Incapace donò casa a rom: colpevole anche il notaio

UDINE. L’aveva visto arrivare in studio mano nella mano con la compagna e sottoscrivere con convinzione tutte le carte relative a entrambi gli atti di donazione della propria casa. Neppure l’esame della documentazione aveva evidenziato motivi d’impedimento o annotazioni della curatrice relative al suo stato d’infermità mentale.
Eppure, davanti al notaio Fabio Conte, 49 anni, di Udine, negli incontri del febbraio e del marzo 2010 per la firma dei rogiti che avrebbero trasferito la proprietà dell’abitazione da un cliente all’altra, c’erano un invalido di 66 anni dichiarato incapace dal tribunale di Udine con l’aggravante dell’abuso di sostanze alcoliche e una zingara di 55 anni dal passato non proprio specchiato.
Impossibile, insomma, non accorgersi di niente o non nutrire quantomeno qualche dubbio. Era stato su questo presupposto che Procura e carabinieri, raccolta la segnalazione di una vicina di casa dell’invalido, si erano messi a indagare tanto sulla rom, quanto sul professionista.
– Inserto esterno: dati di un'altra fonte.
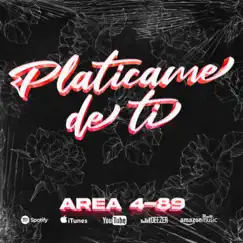 Platicame de ti - Single by Area 4-89 album reviews, ratings, credits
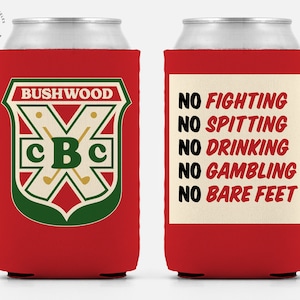 Caddyshack - Bushwood Country Club - Can Holder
Ieri, condividendo la ricostruzione accusatoria del pm Andrea Gondolo, che aveva ipotizzato a carico del notaio il reato del falso ideologico commesso dal pubblico ufficiale in atto pubblico, il giudice monocratico del tribunale di Udine, Mauro Qualizza, lo ha condannato a un anno di reclusione, con il doppio beneficio della sospensione condizionale e della non menzione.
La sentenza ha inoltre dichiarato Conte interdetto dalla professione per otto mesi. Il vpo, Marzia Gaspardis, aveva chiesto una condanna a 9 mesi, mentre il difensore, avvocato Stefano Mauro, aveva concluso per l’assoluzione con la formula “per non aver commesso il fatto”, sostenendo l’assenza dell’elemento psicologico. Alla rom, accusata invece di circonvenzione d’incapace e giudicata in settembre, in abbreviato, il gup aveva inflitto una pena di 4 anni di reclusione.
Al centro del procedimento, dunque, il regalo della casa di Flambruzzo che l’invalido, scapolo e senza figli, aveva deciso di fare alla sua nuova “fiamma”. Una zingara alla quale, però, la vicina cui l’uomo aveva delegato il ritiro della pensione aveva ben presto cominciato a guardare con sospetto. Le indagini dei carabinieri erano partite proprio da qui e si erano poi estese anche al notaio.
La donazione era avvenuta in due tempi: ceduti i tre quarti dell’abitazione, la coppia aveva dovuto tornare dal notaio il mese successivo per formalizzare anche il passaggio della parte appartenuta al fratello ormai defunto e per la quale non si era mai provveduto alla successione.
Nell’argomentare la totale buona fede del notaio, la difesa - che ha già preannunciato appello - ha insistito proprio sulla mancata presentazione, tra i documenti consegnatigli, di una qualsiasi annotazione della curatrice attestante l’accettazione dell’eredità del fratello «con il beneficio dell’inventario», previsto appunto in presenza di persone inabilitate.
Richiamandosi allo stato di riconosciuta circonvenibilità dell’invalido, inoltre, il legale ha ricordato come, in simili condizioni, non sia difficile inculcare in una persona idee non sue. Da qui, con ogni probabilità, la sicurezza e la lucidità dimostrate al notaio all’atto della sottoscrizione di entrambi i rogiti. Incarichi per i quali il professionista incassò un onorario complessivo di meno di 2 mila euro.